QualChoice uses a number of different strategies to promote the safe and appropriate use of prescription drugs. These strategies include the use of the Preferred Drug List (PDL)/Formulary, along with utilization management edits such as pre-authorization, quantity limits, step/contingent therapy, and specialty drug management.

QualChoice utilizes the standard MagellanRx formulary. The formulary can be accessed via the Pharmacy page of the QualChoice website. It provides information regarding drug coverage, tier status of the covered drugs, specialty drug designation, and utilization management edits (quantity limits, prior authorization required, age edits, etc.). Additional information available on the Pharmacy page of the QualChoice website includes:
  • MagellanRx Clinical Criteria used for evaluating PA requests
  • QualChoice General Pre-Authorization Form
  • Formulary Override Exceptions Request for External Review    

Pre-authorization (PA)

Some drugs are covered only if pre-authorized. In the PDL, these drugs are noted by (PA) beside the drug or drug category. Drugs requiring pre-authorization are reviewed based on clinical criteria developed by MagellanRx clinical staff with review by the MagellanRx National P&T Committee. 

For drug pre-authorization, contact MagellanRx, our pharmacy benefit manager, at 833-616-0136.

Step Therapy

Medications requiring step therapy are noted by (ST) in the PDL. Step therapy means that a certain drug requires use of another drug first, before it is covered. The intent of a step therapy edit is to ensure that the safest, most cost-effective medications are tried before more expensive options. When at all possible, these edits are programmed into the claims adjudication system. The member’s pharmacy history is reviewed to ensure compliance with the requirement. If this review does not show compliance, the drug will require pre-authorization.

Quantity Limits

Quantity limits ensure the safe and appropriate use of select medications by covering a specific amount that can be dispensed at one time. Quantities greater than the specified amount require pre-authorization for coverage. Drugs with quantity limits are noted by (QL or QPD) beside the drug or drug category in the PDL.

Specialty Pharmacy Management

Specialty drugs require special handling, are used to treat complex or rare health problems, and are very
costly. These drugs, including both oral and injectable products, may be dispensed by our preferred specialty
pharmacies, Magellan Specialty Pharmacy or Allcare Specialty Pharmacy. Specialty drug coverage may vary by plan.
Contact Magellan Specialty Pharmacy at 866-554-2673. Contact Allcare Specialty Pharmacy at 855-780-5500.
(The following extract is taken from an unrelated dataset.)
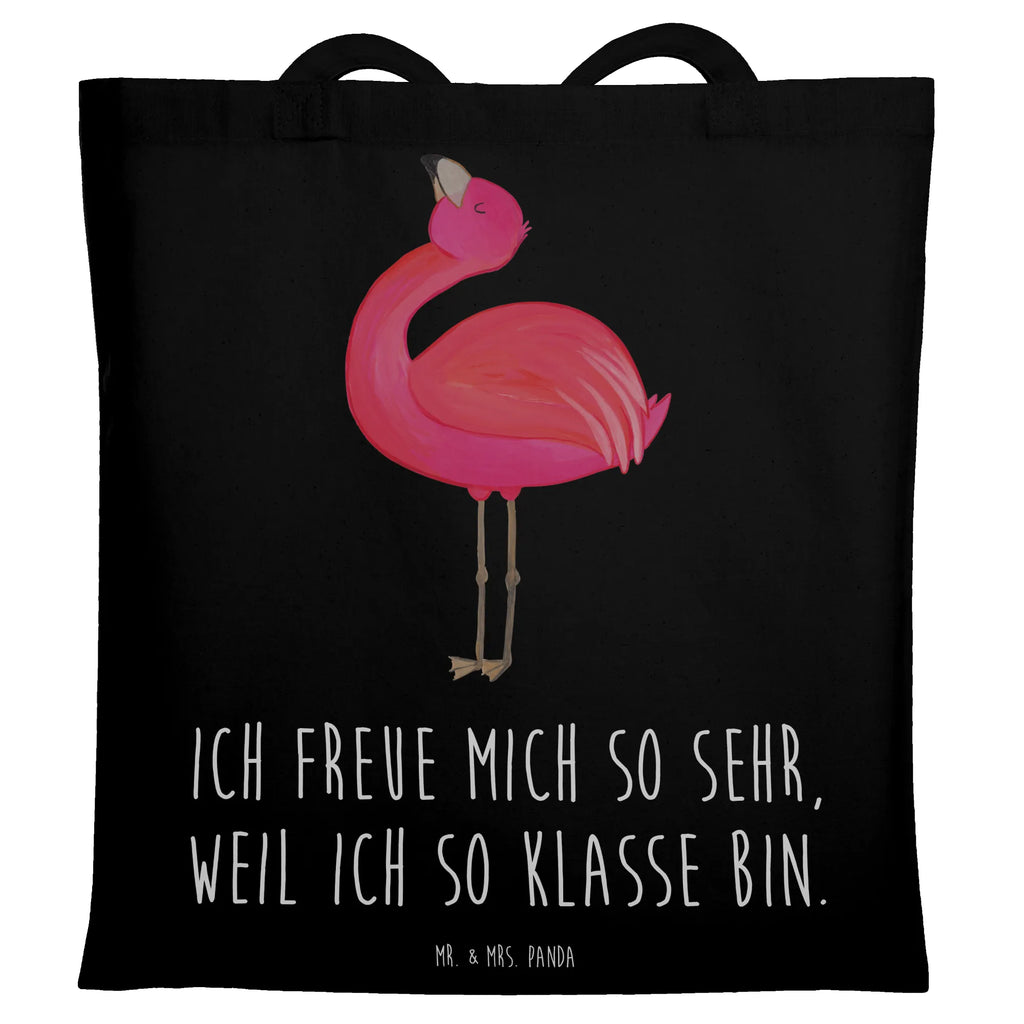 Tragetasche Flamingo Stolz Beuteltasche, Beutel, Einkaufstasche, Jutebeutel, Stoffbeutel, Tasche, Shopper, Umhängetasche, Strandtasche, Schultertasche, Stofftasche, Tragetasche, Badetasche, Jutetasche, Einkaufstüte, Laptoptasche, Flamingo, stolz, Freude, Selbstliebe, Selbstakzeptanz, Freundin, beste Freundin, Tochter, Mama, Schwester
Members have the right to appeal any adverse pharmacy benefit decision by QualChoice. The prescriber, acting on behalf of the member, may file the appeal.

New-to-Market Medications

Drugs new to the market are not covered by QualChoice until reviewed by the MagellanRx P&T Committee. Generally, all new drugs are reviewed within six months of market entry.

Formularies, Forms and Information

For current drug formularies, forms, and additional pharmacy information, see Pharmacy and Drug Formulary page. Practitioners may call 501-228-7111 to receive a copy of the pharmaceutical management procedures by mail, fax, or email.